Dark/Light Mode

Sering Disalahkan Pasien BPJS

Dokter, Produsen Obat Dan Rumah Sakit Ngeluh

Selasa, 2 April 2019 08:38 WIB
Ilustrasi (Foto : Istimewa).
Ilustrasi (Foto : Istimewa).

RM.id  Rakyat Merdeka - Masalah defisit keuangan yang dialami BPJS Kesehatan jelas mengganggu pemberian layanan kepada para peserta Jaminan Kesehatan Nasional (JKN). Kini tidak hanya pasien yang mengeluh. Kalangan dokter, produsen obat, dan pengelola rumah sakit juga mengalami dampaknya.

Ketua Umum Pengurus Besar Ikatan Dokter Indonesia (PB IDI), Daeng M. Faqih menuturkan, defisit keuangan yang dialami BPJS berdampak pada seluruh pihak yang terkait, mulai dari rumah sakit hingga pasien. “Kondisi defisit keuangan itu paling banyak berdampak pada pelayanan fasilitas kesehatan kepada pasien,” katanya di Jakarta, kemarin.

Dia mengatakan, Kalau defisit nggak dibayar kemudian rumah sakit gagal bayar kepada pihak ketiga, akibatnya rumah sakit menunggak pembiayaan obat-obatan dan peralatan kesehatan penunjang. Jika ini terjadi pada obat-obatan dengan bahan habis pakai jelas saja akan menghambat kerja dokter dalam menangani pasien.

Daeng menjelaskan, jika suatu rumah sakit tidak bisa menangani pasien dikarenakan keterbatasan obat-obatan dan peralatan akan berakibat pada merujuknya pasien ke rumah sakit lain. Dalam kondisi ini, pasien akan mengalami keterlambatan dalam penanganan yang berdampak pada kondisi kesehatannya.
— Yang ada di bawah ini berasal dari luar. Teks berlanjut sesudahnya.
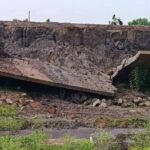 ଅସରାଏ ବର୍ଷାରେ ଧସିଲା ମଧୁସୂଦନ ସେତୁ–ଚହଟା ରାସ୍ତା।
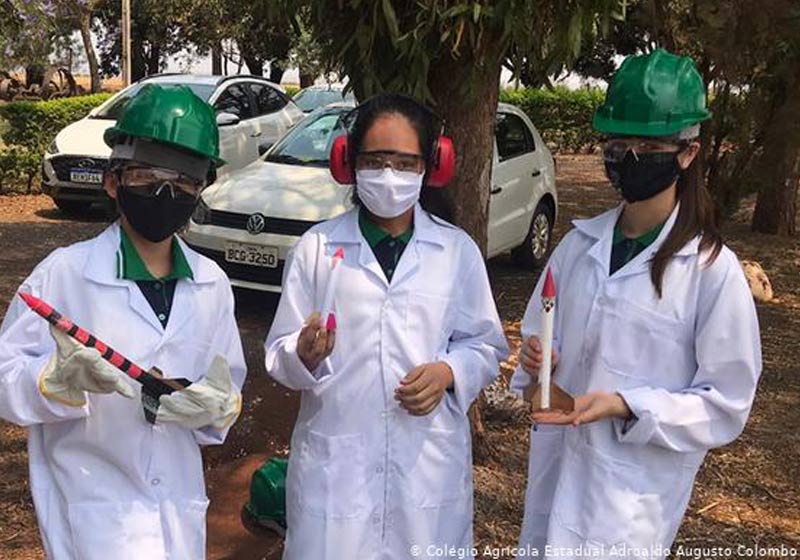 Alunas com minifoguetes - Foto: Colégio Agrícola Adroaldo Augusto Colombo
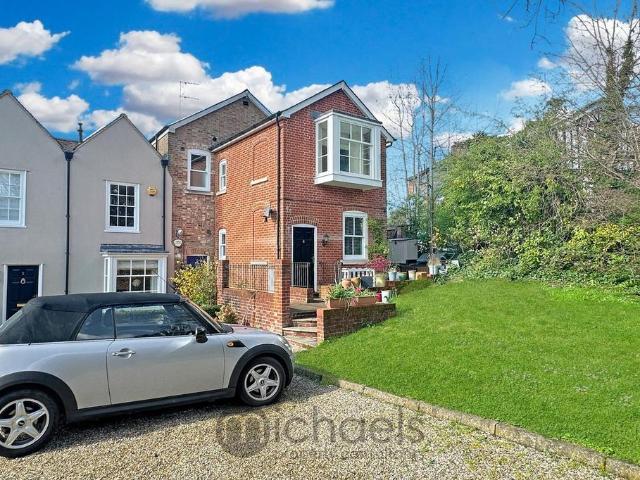 Flat for sale in Old Heath, Fordham Heath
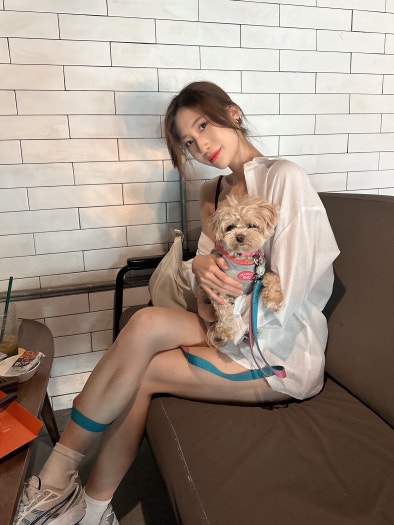 호카 클리프톤 10 카네이션 스타라이트 글로우 - 와이드 photo review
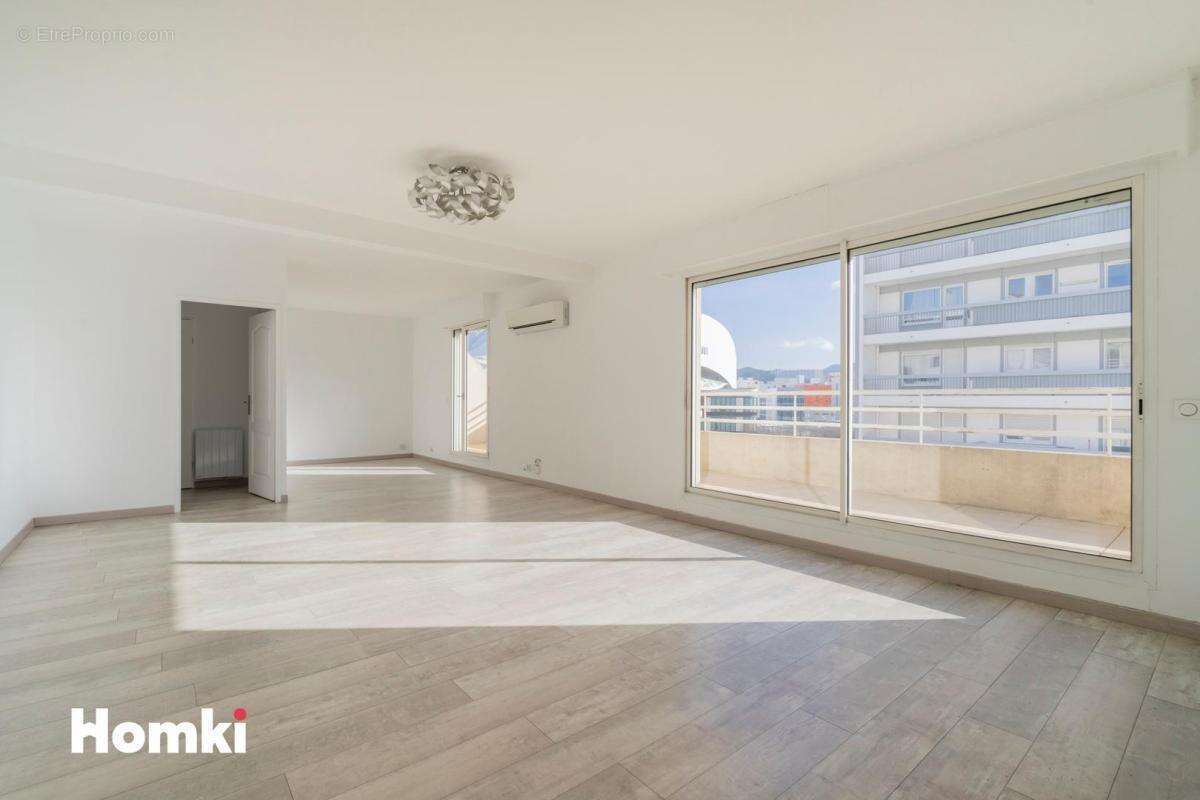 Appartement à MARSEILLE-8E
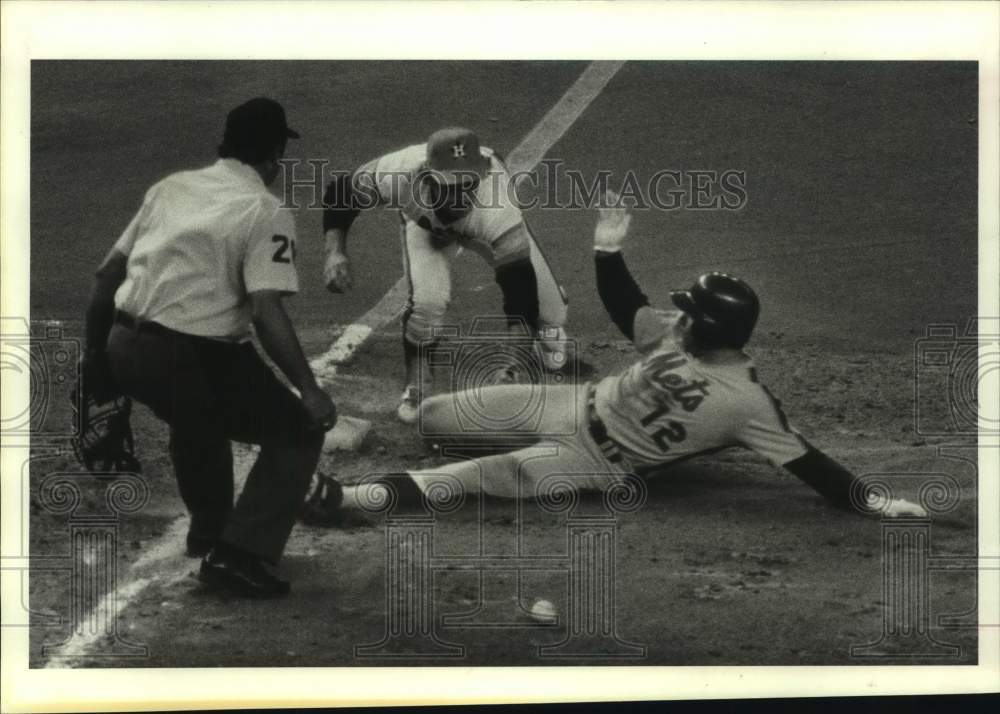 1982 Press Photo Mets' John Stearns into 3rd as ball eludes Astros' Dickie Thon - Historic Images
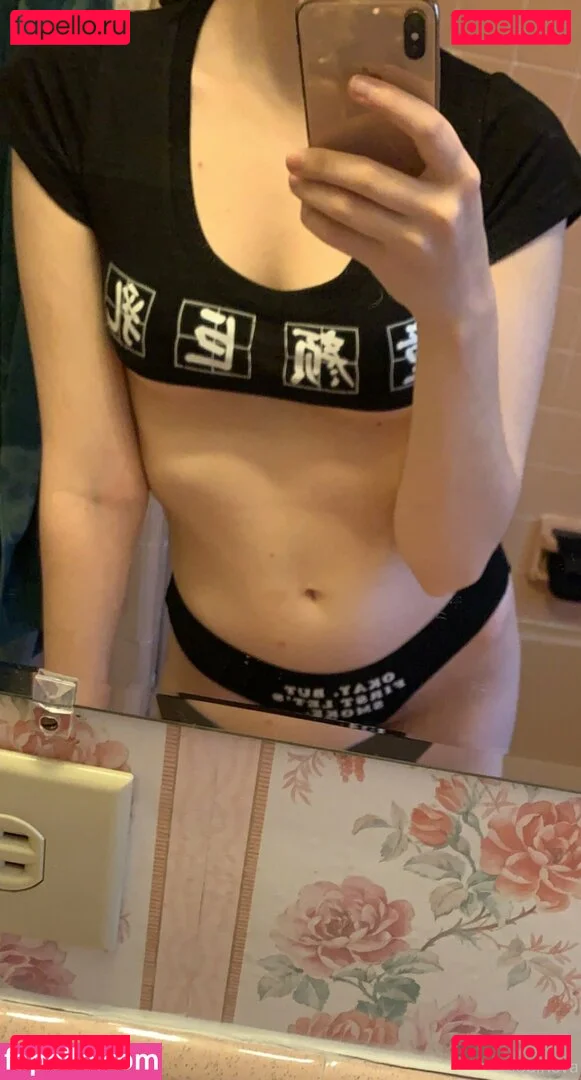 nobinova Onlyfans Photo Gallery 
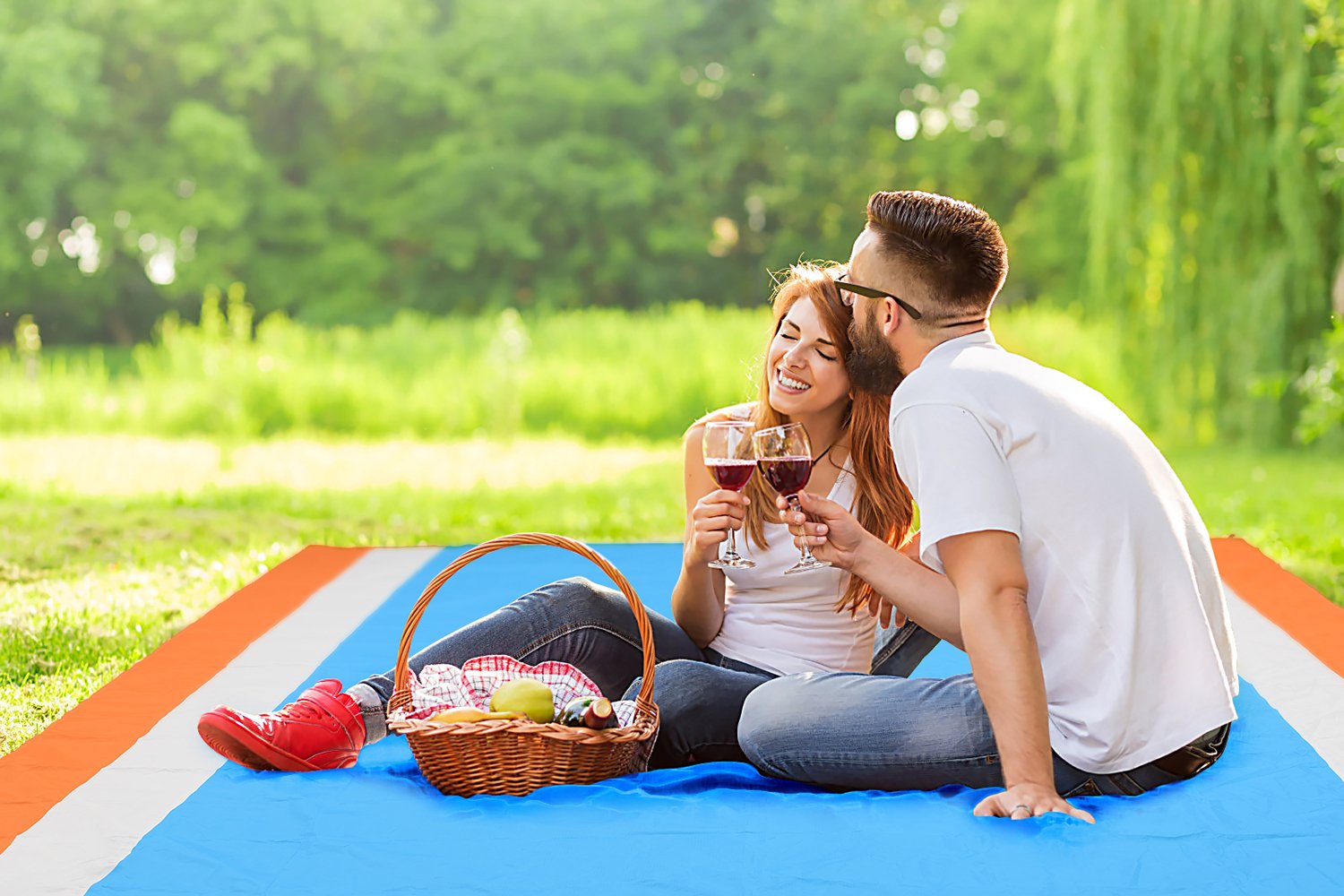 OUSPT Outdoor Beach Blanket, Waterproof Ground Cover, Compact Lightweight Pocket Blanket, Sand Proof Picnic Mat for Travel, Hiking, Camping - Oversize Picnic Blanket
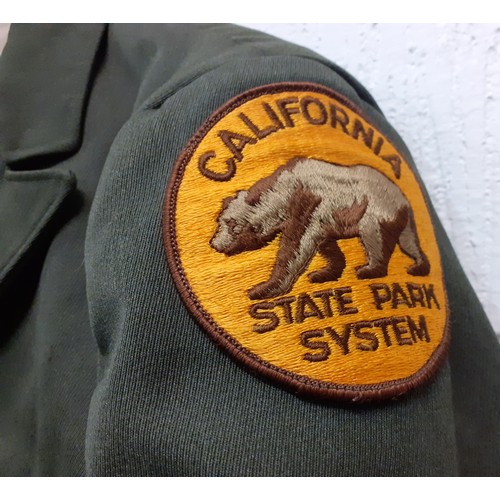 82 - An American State Park Ranger uniform with Stratton brown felt State of California hat, size 7¼ toge... 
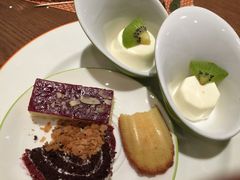 -松咖啡自助餐厅·松北香格里拉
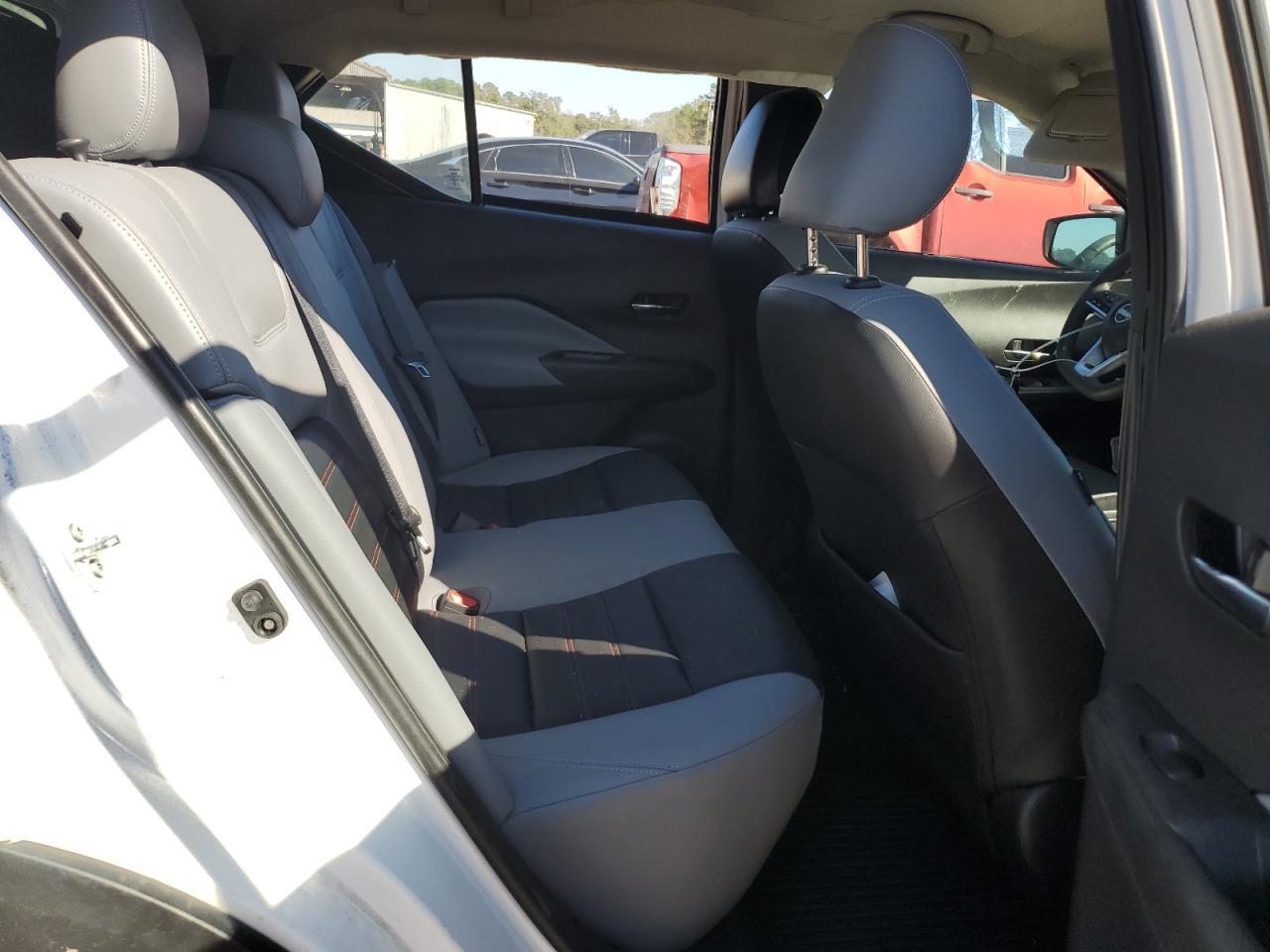 2023 NISSAN KICKS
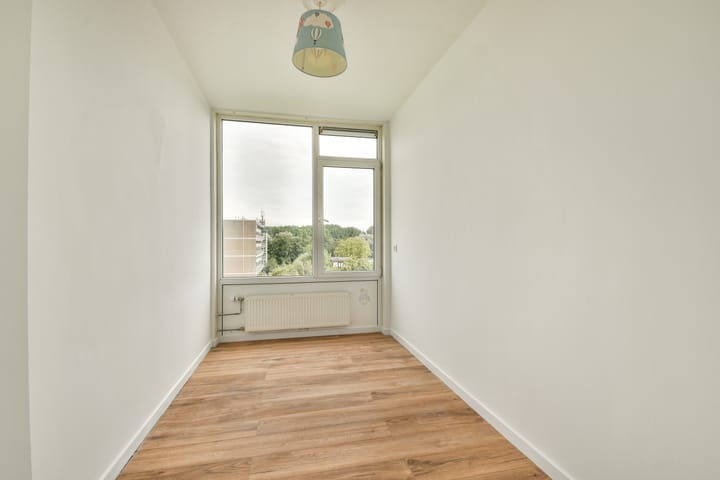 Foto 22 van Van 't Hoffstraat 10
“Penanganan pasien itu kan ada masa emasnya, kan ada 'golden period' -nya. Itu yang bisa hilang,” terangnya. Selain itu, masalah keuangan pada BPJS Kesehatan juga berimbas pada tenaga kesehatan yaitu dokter dan perawat yang tertunggak dibayarkan jasanya. Oleh karena itu defisit keuangan pada Program JKN sangat mendesak untuk diselesaikan.

Baca juga : Sabet Penghargaan Dari Asian Banker, BRI Diakui Dunia

Direktur Eksekutif Gabungan Pengusaha (GP) Farmasi, Dorodjatun Sanusi mengusulkan, perubahan mekanisme penyediaan obat bagi peserta untuk mengurangi beban BPJS Kesehatan yang masih menanggung beban utang Rp3,6 triliun kepada perusahaan obat-obatan.

Utang sebesar itu dapat mengganggu proses produksi hingga distribusi obat. Sebagai solusi, GP Farmasi menyarankan perubahan mekanisme penyediaan obat yang memungkinkan masyarakat ikut aktif dalam penyediaan obat.

"Mekanisme free and fee ini bersifat co-payment sehingga ada obat yang gratis dan berbayar sesuai kebutuhan masyarakat. Sistem ini bisa meningkatkan pelayanan yang lebih bermutu dan menyeluruh, tanpa menambah beban pemerintah dan BPJS Kesehatan," terangnya.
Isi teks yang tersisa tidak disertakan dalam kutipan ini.